D'une voix faible mais résolue Lena commence son récit. Récit succinct de sa fuite en avion, son combat aérien, sa captivité, son amnésie, son retour avec le dandy qui en a fait un objet de propagande, sa volonté de fuir, sa rencontre avec le déserteur... Elle se rend compte que tout cela doit paraître absurde parce qu'elle ne leur dit rien sur le réel motif de sa présence dans ces bois... Yulia. Elle est parfois interrompue par quelques questions:

-"Et c'est vrai ce qui a marqué? T'as dégommé dix stukas?"Demande Penguin.

-"Non, seulement cinq..."

-"Et c'est ton fiancé ce blondinet?" Demande Tchienka en parcourant les photos du journal.

Lena rit.

-"Non, absolument pas, la personne que j'aime et bien..." Lena s'arrête dans un gloussement nerveux avant de poursuivre : "Et bien cette personne était dans l'avion... Avec moi..."

Penguin hoche la tête.
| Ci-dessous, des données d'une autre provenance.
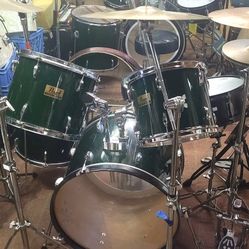 PEARL 5-piece drum kit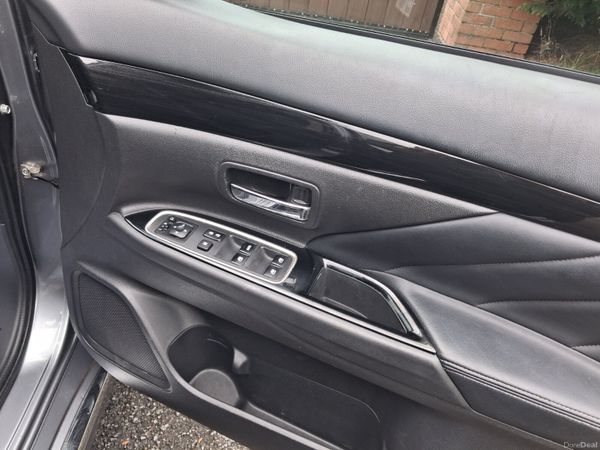 161 Mitsubishi Outlander  2.0 Petrol 4 Wheel Drive 395799039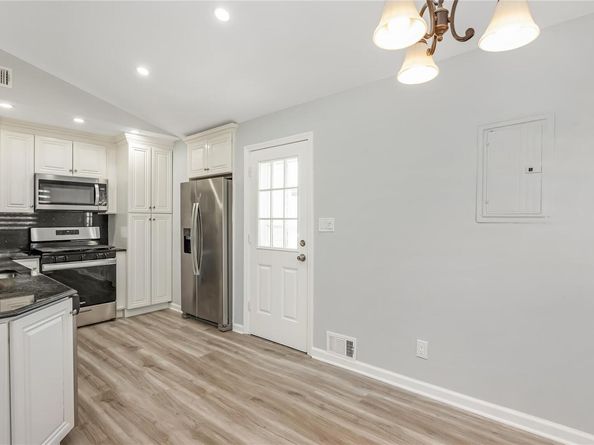 147 W Hampton Road, Lindenhurst NY 11757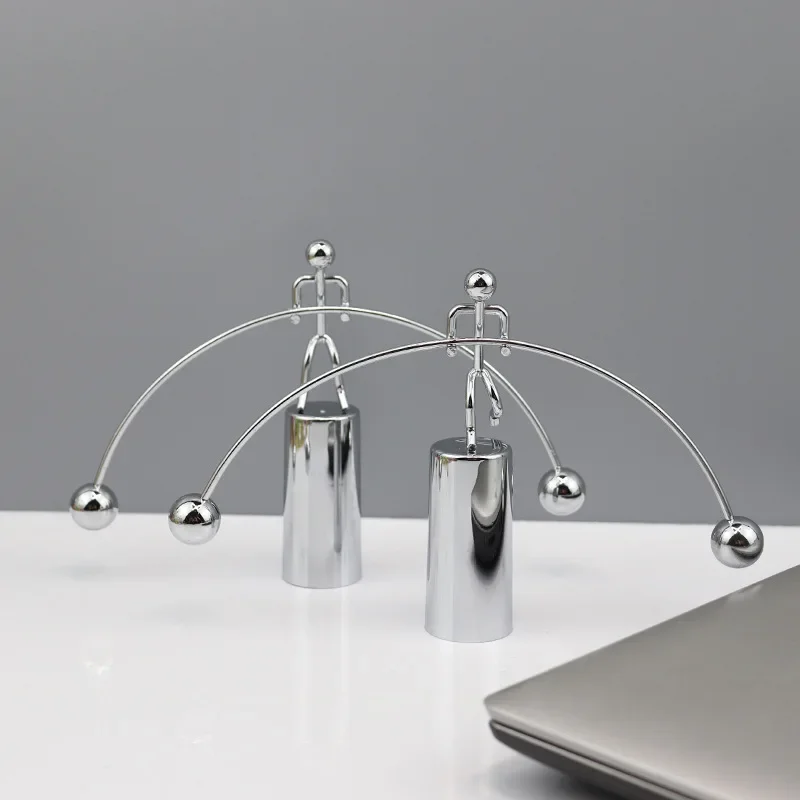 الإبداعية التوازن الكرة سوينغ  - مراجعة Newton Cradle Large وسعره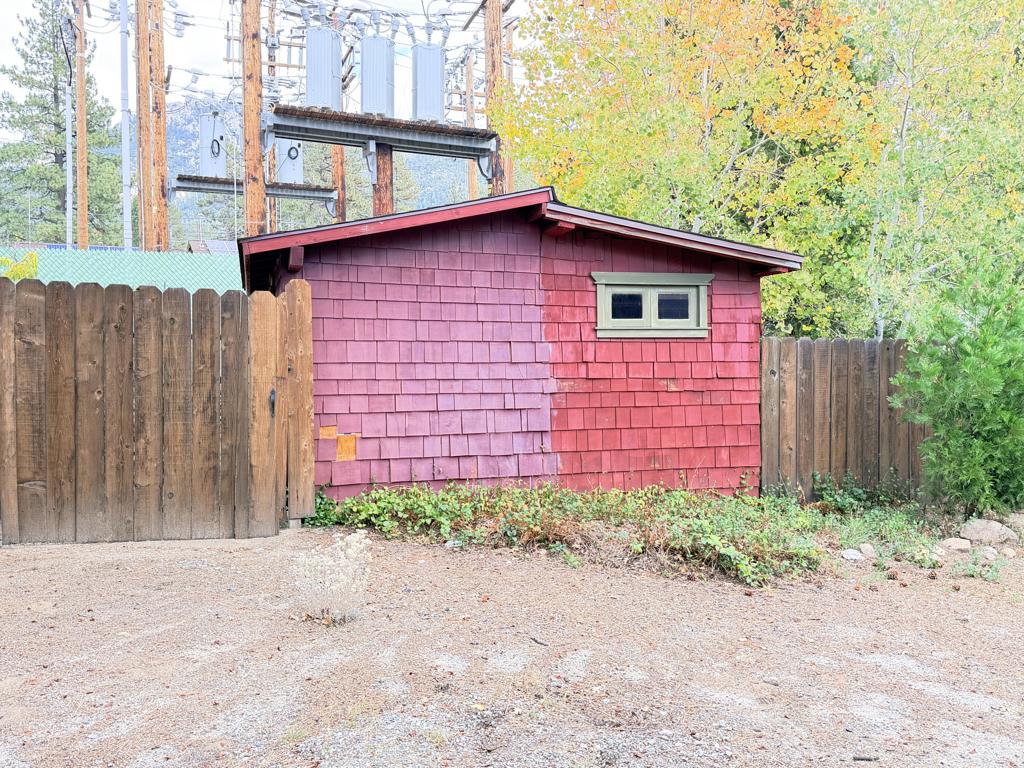 54227 Pine Crest Property Photo 22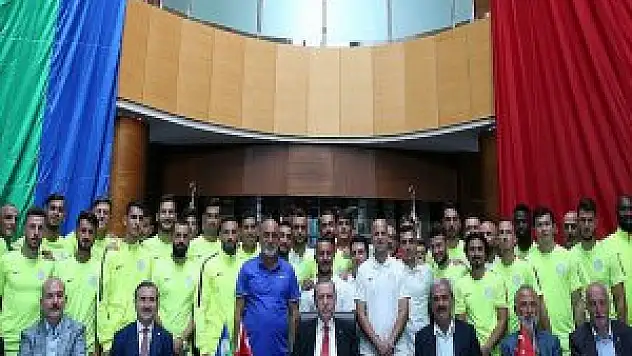 Cumhurbaşkanı Recep Tayyip Erdoğan'dan Çaykur Rizespor'a Ziyaret
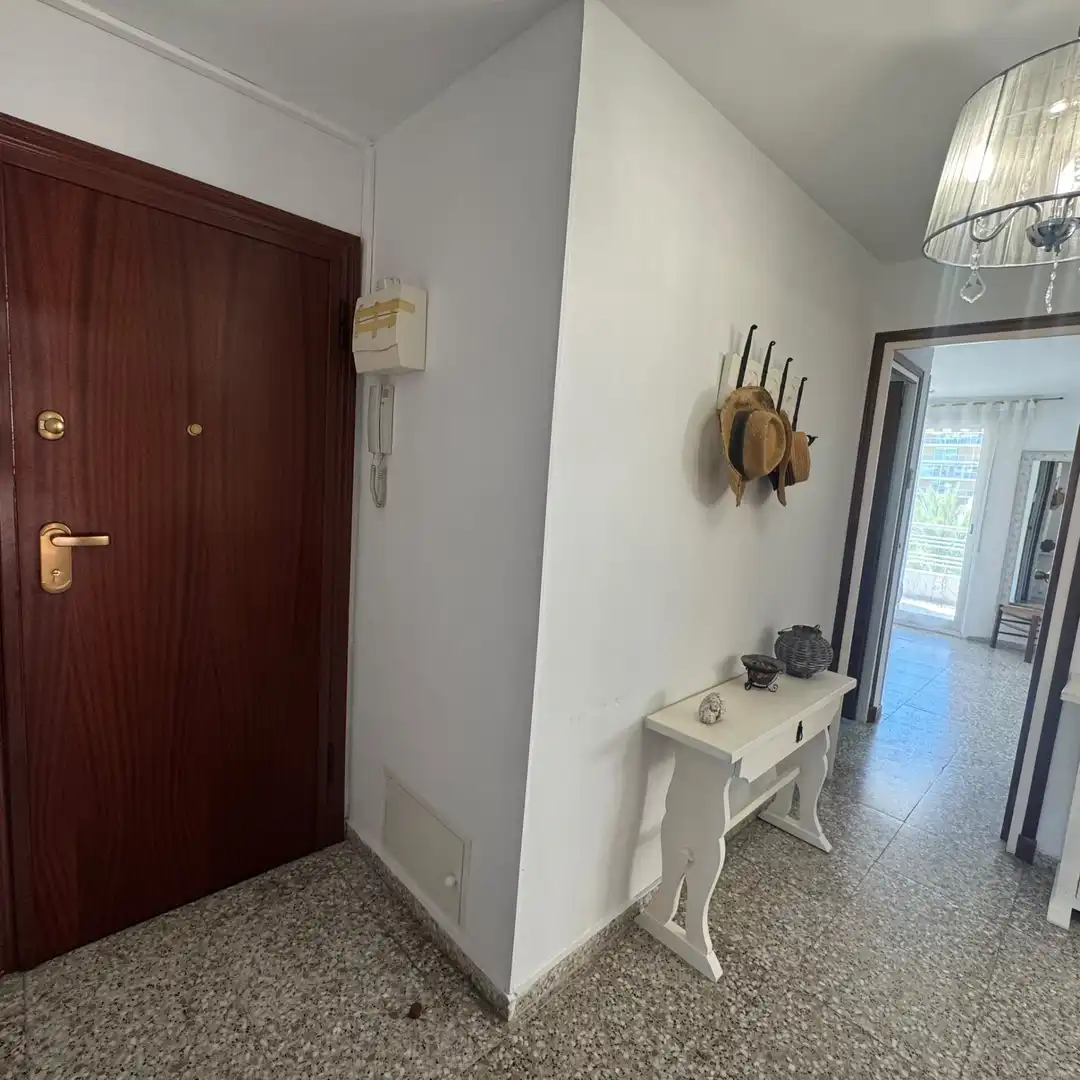 Apartamento de alquiler en El Campello con Terraza, Amueblado y Horno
Elle sort de sa poche un cigare. Long et fin. Craquement d'allumette. Une flamme, elle aspire la première bouffée. Elle repose son regard sur Lena.

-"Et en fait, tu ne va pas à Louga... Mais... Bien à l'endroit où ton coucou s'est crashé?"

Lena baisse les yeux.

-"Je me trompe, Cap'tain?" Insiste Penguin dans une volute de fumée.

Lena secoue la tête. Penguin fait un signe à Tchienka. La brunette prend la cheville de Lena et lui détache la corde qui la retenait à l'arbre.

-"Bon... Une dernière chose avant que tu partes... Saches qu'au nord de Louga, il est impossible de se balader sans se faire repérer. Sans parler de la région autour de Leningrad. Les Allemands sont devenus tellement méfiants, qu'ils se fliquent entre eux... Alors je te dis pas, une bonne bouille de rouquine venue des steppes russes, ça passe pas inaperçu... Bref, tu feras pas trois pas avant d'atterrir devant un peloton d'exécution... Mais évidemment, c'est toi qui vois..." Dit Penguin en se relevant.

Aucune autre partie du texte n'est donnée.